Native Americans before Colonial Settlement
Native Americans refers to the groups of people indigenous to the North American continent. Native American tribes are most often viewed through a colonial lens, which organizes the numerous tribes into categories based on their interaction with European colonists. Through this lens, many of the Native Americans living in North America's mid-Atlantic region were referred to as Algonquians and Iroquoians based on the languages they spoke.
Prior to contact with European settlers, Native Americans of the mid-Atlantic region lived in villages that included a few dozen to a few hundred residents. They successfully farmed crops such as maize, squash, and beans in addition to hunting game and foraging. Foraging is the practice of collecting fruit, nuts, and other edible plants in the wild. Many lived in settlements enclosed by large walls. In areas where fish and other wild food were plentiful, people were more likely to live in extended family groups instead of large villages that relied on agriculture.
There were hundreds of Native American tribes in North America prior to colonization. One of the largest Native American groups in the mid-Atlantic area at the time of colonization was the Iroquois Confederacy. They lived primarily in what is now the state of New York. The confederacy was a matrilineal society, meaning it was a cultural group in which ancestry was tracked through the generations of women in a family. Men and women in the Iroquoian tribes enjoyed a fairly egalitarian, or equal, relationship. They performed different duties in their societies, but women were not subordinate to men.
Colonists' Interactions with Native Americans
As William Penn established the Pennsylvania Colony, he needed a way to bolster the geographic borders laid out in his charter. Connecticut and New York disputed Pennsylvania's northern border, while Maryland questioned its southern border.
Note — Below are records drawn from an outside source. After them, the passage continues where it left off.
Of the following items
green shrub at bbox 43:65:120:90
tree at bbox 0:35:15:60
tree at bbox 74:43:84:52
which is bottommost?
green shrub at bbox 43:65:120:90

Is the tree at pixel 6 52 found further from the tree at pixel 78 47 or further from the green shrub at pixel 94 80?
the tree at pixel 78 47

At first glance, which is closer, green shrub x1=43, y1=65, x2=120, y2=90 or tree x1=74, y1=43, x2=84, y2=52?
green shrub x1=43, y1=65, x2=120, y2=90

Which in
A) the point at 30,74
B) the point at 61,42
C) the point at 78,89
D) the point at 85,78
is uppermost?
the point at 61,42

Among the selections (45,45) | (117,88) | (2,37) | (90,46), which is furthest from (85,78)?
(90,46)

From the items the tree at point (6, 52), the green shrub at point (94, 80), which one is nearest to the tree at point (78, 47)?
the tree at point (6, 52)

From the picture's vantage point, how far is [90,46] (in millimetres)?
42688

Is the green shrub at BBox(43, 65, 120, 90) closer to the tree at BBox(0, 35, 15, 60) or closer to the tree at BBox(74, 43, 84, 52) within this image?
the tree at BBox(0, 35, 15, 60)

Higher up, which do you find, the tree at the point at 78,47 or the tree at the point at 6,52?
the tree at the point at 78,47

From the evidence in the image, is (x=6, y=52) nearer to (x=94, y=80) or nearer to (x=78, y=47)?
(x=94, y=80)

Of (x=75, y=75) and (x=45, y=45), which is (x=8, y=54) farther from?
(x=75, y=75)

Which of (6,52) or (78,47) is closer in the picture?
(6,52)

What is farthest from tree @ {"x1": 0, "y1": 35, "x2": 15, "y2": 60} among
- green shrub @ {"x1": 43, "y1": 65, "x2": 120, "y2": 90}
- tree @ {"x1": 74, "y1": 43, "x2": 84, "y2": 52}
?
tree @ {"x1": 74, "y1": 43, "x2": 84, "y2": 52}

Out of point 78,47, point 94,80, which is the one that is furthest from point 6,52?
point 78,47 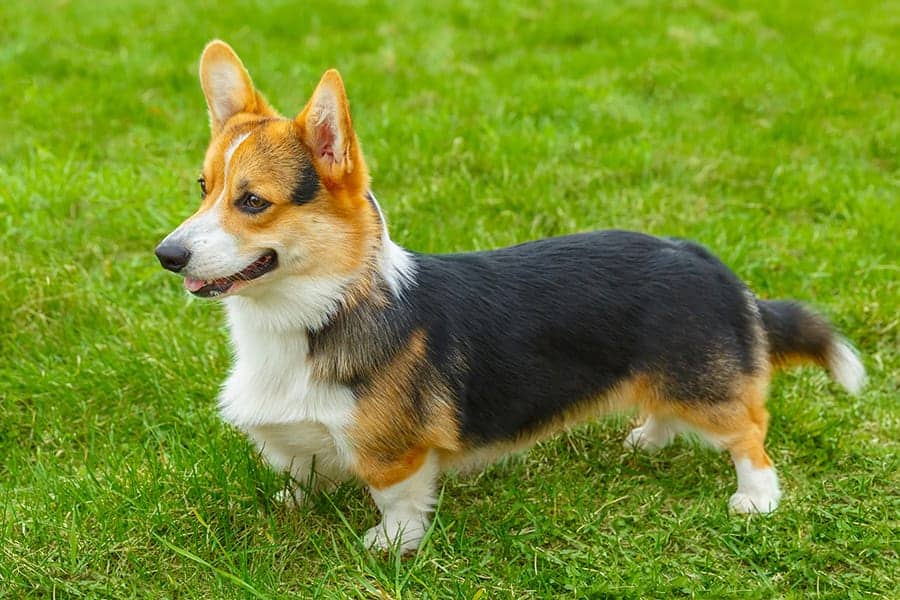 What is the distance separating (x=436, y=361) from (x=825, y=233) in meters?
2.96

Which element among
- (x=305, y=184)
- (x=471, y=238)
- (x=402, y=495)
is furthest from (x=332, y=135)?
(x=471, y=238)

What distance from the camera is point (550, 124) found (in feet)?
19.7

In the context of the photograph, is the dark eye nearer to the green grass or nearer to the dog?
the dog

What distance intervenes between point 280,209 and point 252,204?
8cm

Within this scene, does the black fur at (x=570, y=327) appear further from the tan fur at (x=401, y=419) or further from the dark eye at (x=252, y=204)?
the dark eye at (x=252, y=204)

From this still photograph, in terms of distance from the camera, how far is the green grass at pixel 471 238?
10.2 ft

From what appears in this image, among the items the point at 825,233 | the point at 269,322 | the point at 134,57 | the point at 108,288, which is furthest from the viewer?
Result: the point at 134,57

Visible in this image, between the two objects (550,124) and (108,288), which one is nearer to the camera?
(108,288)

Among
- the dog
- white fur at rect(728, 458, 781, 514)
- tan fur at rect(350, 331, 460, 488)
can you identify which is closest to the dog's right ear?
the dog

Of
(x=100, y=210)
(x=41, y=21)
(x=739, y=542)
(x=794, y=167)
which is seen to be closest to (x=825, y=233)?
(x=794, y=167)

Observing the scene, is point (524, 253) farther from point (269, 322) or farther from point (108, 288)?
point (108, 288)

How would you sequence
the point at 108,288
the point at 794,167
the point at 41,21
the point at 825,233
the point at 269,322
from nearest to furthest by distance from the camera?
1. the point at 269,322
2. the point at 108,288
3. the point at 825,233
4. the point at 794,167
5. the point at 41,21

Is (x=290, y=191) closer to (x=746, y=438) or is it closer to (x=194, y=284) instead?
(x=194, y=284)

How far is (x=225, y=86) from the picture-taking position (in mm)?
3092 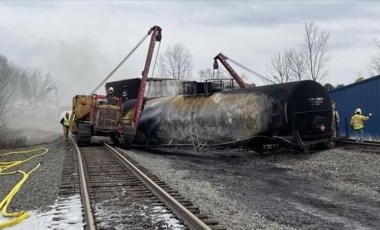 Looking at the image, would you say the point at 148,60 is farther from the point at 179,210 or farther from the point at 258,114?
the point at 179,210

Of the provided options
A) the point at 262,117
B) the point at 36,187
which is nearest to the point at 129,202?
the point at 36,187

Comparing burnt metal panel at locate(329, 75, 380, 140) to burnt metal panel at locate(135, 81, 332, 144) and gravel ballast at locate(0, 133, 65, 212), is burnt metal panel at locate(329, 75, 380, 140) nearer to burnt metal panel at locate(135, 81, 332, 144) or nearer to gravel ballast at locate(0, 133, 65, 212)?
burnt metal panel at locate(135, 81, 332, 144)

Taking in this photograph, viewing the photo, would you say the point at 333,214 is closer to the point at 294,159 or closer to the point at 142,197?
the point at 142,197

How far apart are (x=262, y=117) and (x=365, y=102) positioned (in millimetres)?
11119

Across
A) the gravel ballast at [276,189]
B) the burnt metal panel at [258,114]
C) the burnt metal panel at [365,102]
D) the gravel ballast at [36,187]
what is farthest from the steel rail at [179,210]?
the burnt metal panel at [365,102]

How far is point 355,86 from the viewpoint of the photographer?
26.1 m

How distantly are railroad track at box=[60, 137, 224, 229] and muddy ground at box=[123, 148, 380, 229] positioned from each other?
56 cm

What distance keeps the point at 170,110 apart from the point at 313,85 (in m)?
7.25

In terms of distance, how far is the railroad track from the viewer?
6422mm

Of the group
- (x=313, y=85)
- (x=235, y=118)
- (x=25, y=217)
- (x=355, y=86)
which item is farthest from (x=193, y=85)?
(x=25, y=217)

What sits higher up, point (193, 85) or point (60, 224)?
point (193, 85)

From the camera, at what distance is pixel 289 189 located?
1097cm

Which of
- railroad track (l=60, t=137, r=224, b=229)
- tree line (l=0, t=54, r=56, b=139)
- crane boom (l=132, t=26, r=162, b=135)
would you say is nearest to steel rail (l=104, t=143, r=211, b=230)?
railroad track (l=60, t=137, r=224, b=229)

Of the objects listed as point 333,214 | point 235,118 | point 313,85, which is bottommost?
point 333,214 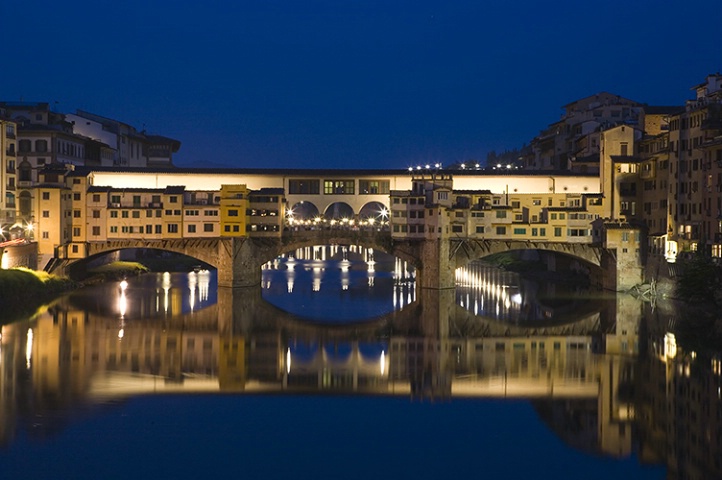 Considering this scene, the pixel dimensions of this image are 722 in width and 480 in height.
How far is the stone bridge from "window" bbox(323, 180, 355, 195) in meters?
4.93

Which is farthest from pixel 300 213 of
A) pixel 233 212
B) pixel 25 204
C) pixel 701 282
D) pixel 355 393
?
pixel 355 393

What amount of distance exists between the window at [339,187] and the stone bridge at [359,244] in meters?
4.93

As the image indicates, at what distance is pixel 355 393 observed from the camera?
25.3m

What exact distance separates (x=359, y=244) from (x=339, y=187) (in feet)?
20.6

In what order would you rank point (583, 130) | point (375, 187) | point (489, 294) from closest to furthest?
point (489, 294) < point (375, 187) < point (583, 130)

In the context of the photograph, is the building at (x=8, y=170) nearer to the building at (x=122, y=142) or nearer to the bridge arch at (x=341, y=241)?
the building at (x=122, y=142)

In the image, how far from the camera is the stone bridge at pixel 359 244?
165ft

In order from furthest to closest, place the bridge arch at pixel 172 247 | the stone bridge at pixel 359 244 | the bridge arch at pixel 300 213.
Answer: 1. the bridge arch at pixel 300 213
2. the bridge arch at pixel 172 247
3. the stone bridge at pixel 359 244

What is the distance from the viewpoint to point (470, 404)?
24094mm

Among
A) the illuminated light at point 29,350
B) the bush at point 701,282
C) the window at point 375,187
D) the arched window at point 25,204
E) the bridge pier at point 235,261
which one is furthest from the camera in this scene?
the window at point 375,187

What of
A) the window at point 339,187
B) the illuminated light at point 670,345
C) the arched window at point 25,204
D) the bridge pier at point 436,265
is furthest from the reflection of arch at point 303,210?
the illuminated light at point 670,345

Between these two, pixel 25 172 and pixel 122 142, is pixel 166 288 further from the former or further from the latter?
pixel 122 142

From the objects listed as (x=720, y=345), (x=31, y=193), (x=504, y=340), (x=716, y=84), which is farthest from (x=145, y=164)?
(x=720, y=345)

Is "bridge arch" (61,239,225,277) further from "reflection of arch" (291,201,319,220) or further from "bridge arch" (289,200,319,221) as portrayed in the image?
"reflection of arch" (291,201,319,220) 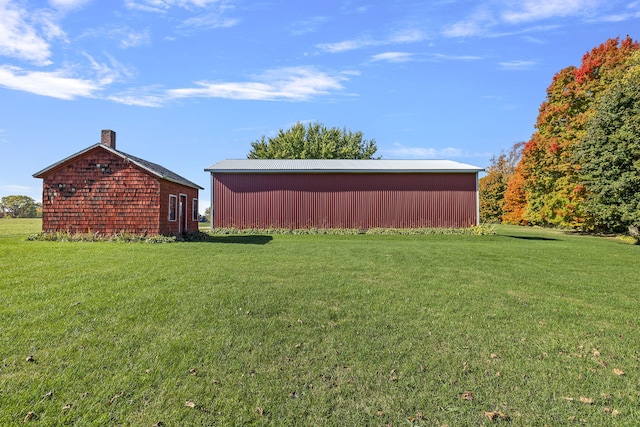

Penn wanted to acquire land from local Native Americans to further document his ownership of the territory.In addition his Quaker beliefs led him to offer a fair settlement with the Lenni-Lenape (Delaware) Indians. In 1682 Penn signed a treaty with Tammany, the Lenni-Lenape leader. Penn traded a supply of cloth, guns, and other goods for land on the banks of the Delaware River. Besides the goods Penn provided, he also promised Tammany he would treat the Lenni-Lenape honestly and protect them from further encroachment by other colonists. Because of Penn's negotiations with the Lenni-Lenape, Pennsylvania became renowned as a peaceful colony with cordial relationships between its colonists and Native Americans.